**Work task:**
The material below holds the lines to copy: from the one with "Before Image: Arm Lift" up to and including the one with "Лечение подкожных угрей. Asmr 2164". Copy them exactly and skip the pictures.

**Exercise input:**
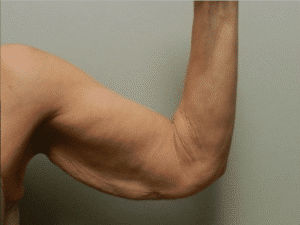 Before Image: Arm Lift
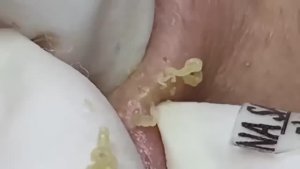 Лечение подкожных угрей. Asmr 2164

...

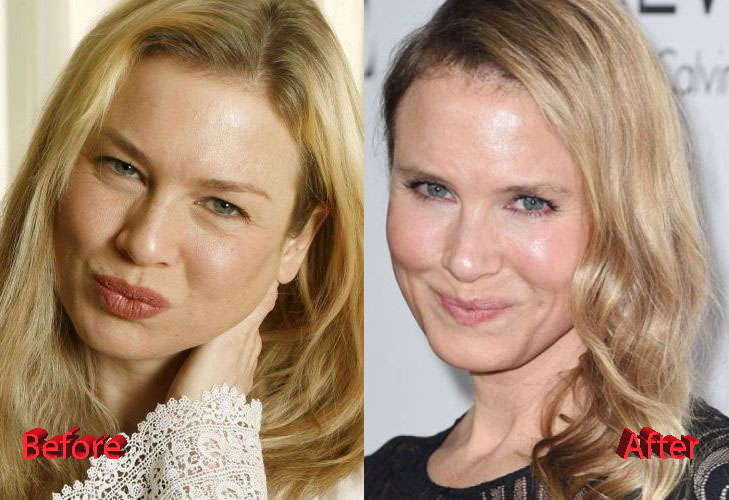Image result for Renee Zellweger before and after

**Solution to the problem:**
 Before Image: Arm Lift
 Лечение подкожных угрей. Asmr 2164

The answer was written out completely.